The cloud-native world is highly focused on security, but a surprising number of organizations may be falling behind on one important task: Keeping their software up-to-date with the latest patches and security releases.
Buoyant, creators of the popular open source Linkerd service mesh, recently performed an analysis of Linkerd adoption in the wild. We examined the version information from tens of thousands of Linkerd clusters around the world that had been running for at least 30 days. Our analysis revealed exactly how prevalent out-of-date software is: Of these clusters, almost 50% were running versions at least six months out of date; 20% were running versions at least a year out of date and a full 10% were running versions that were out of date by 18 months or more. The full distribution of version age is summarized in the graph below.
Linkerd is an interesting project for this analysis for two reasons. First, Linkerd is very widely adopted, and Buoyant has been publishing Linkerd releases for many years. The magnitude of this data allows us to perform a comprehensive analysis.
Second, and perhaps more interestingly, Linkerd is fundamentally a tool for security, used to add features like zero-trust authorization policy and drop-in mutual TLS to Kubernetes clusters. Because of this, we take security very seriously: We perform annual, public third-party security audits; we ship releases rapidly when CVEs are discovered in underlying dependencies and so on. If there’s anything you should keep up-to-date in your environment, it’s Linkerd.
If this distribution skew is what happens to Linkerd, one can only imagine what the rest of the ecosystem looks like!
The Challenge of Keeping Cloud-Native Software Up-to-Date
The risk of outdated software is not specific to cloud computing, of course. Nor is it a new category of security vulnerability. The Open Worldwide Application Security Project (OWASP), a nonprofit foundation that works to improve the security of software, lists “Vulnerable and Outdated Components” as sixth in its 2021 OWASP Top Ten list of common vulnerabilities, including in its definition of the failure to “fix or upgrade the underlying platform, frameworks, and dependencies in a risk-based, timely fashion.”
What is unique is the fast-paced nature of the cloud-native ecosystem. Kubernetes itself provides only one year of patch support for recently released “minor” versions and ships three such versions each year. At Buoyant, we release a new stable version approximately every eight weeks and produce new Linkerd “edge releases” almost weekly. The challenge of keeping software up-to-date in such an ecosystem is not insubstantial, especially when upgrading software is often considered a form of “toil,” the lowest class of work in the SRE ontology—something to be automated if at all possible.

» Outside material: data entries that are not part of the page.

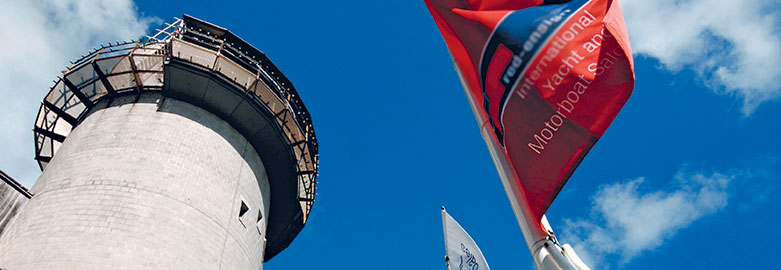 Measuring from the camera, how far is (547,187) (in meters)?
7.58

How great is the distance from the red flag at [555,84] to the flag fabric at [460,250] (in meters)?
4.91

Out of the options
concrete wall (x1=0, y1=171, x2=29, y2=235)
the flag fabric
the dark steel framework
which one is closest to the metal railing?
the dark steel framework

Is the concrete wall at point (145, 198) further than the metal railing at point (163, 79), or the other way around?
the metal railing at point (163, 79)

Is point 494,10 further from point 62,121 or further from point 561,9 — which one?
point 62,121

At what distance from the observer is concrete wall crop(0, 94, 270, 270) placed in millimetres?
14453

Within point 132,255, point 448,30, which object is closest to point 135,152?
point 132,255

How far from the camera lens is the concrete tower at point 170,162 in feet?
49.0

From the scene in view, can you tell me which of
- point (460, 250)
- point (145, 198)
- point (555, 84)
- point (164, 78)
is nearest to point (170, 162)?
point (145, 198)

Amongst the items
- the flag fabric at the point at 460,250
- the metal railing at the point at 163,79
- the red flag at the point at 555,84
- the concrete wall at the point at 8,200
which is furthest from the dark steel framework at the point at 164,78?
the red flag at the point at 555,84

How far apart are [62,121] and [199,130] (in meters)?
7.54

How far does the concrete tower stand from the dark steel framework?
0.15 feet

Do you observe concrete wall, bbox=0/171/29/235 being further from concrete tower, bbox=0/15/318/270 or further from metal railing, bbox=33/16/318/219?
metal railing, bbox=33/16/318/219

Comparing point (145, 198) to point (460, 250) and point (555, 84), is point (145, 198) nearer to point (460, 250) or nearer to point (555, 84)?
point (460, 250)

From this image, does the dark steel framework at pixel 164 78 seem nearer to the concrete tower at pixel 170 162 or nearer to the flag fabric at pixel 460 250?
the concrete tower at pixel 170 162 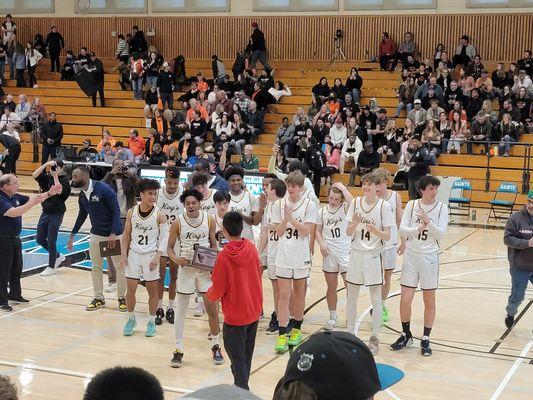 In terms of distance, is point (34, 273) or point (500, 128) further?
point (500, 128)

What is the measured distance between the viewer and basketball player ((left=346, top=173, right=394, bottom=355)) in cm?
859

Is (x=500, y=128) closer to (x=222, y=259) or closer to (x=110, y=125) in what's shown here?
(x=110, y=125)

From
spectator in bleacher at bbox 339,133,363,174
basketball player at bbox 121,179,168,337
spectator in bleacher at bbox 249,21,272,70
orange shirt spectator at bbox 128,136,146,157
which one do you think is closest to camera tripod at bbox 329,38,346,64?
spectator in bleacher at bbox 249,21,272,70

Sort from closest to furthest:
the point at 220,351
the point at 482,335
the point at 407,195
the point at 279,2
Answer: the point at 220,351, the point at 482,335, the point at 407,195, the point at 279,2

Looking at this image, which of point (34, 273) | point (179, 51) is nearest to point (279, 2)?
point (179, 51)

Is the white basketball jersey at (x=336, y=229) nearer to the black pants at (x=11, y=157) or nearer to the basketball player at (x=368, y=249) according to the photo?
the basketball player at (x=368, y=249)

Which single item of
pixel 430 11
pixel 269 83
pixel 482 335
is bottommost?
pixel 482 335

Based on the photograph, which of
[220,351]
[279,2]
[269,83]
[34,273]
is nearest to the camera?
[220,351]

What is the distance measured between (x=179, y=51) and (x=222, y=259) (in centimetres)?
2489

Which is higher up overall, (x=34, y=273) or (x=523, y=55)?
(x=523, y=55)

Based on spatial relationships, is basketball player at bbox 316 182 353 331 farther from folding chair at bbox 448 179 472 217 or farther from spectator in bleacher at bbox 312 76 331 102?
spectator in bleacher at bbox 312 76 331 102

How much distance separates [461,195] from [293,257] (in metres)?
11.9

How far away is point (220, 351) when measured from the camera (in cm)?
843

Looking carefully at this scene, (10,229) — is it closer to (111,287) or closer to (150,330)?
(111,287) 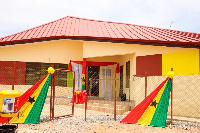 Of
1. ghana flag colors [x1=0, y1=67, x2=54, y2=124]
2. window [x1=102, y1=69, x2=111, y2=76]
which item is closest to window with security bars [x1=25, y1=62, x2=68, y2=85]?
window [x1=102, y1=69, x2=111, y2=76]

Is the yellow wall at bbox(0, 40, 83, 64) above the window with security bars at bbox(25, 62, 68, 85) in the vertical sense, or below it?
above

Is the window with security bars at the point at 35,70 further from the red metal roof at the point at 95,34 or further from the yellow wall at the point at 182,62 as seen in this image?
the yellow wall at the point at 182,62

A Light at the End of the Tunnel for Linkerd
For the open source Linkerd project, at least, we’re taking active steps to address this. In the upcoming Linkerd 2.13 release, Buoyant will be providing free, automated upgrade assistance, vulnerability reporting and health monitoring to all Linkerd adopters anywhere in the world via our Buoyant Cloud automation platform for Linkerd.
As the creators and stewards of the Linkerd project, we believe the days of the take-it-or-leave-it approach to open source are quickly waning. It’s not enough for us simply to make Linkerd available—we have a responsibility to ensure that every Linkerd cluster in the world is healthy, secure and up-to-date. That’s exactly what we plan to do.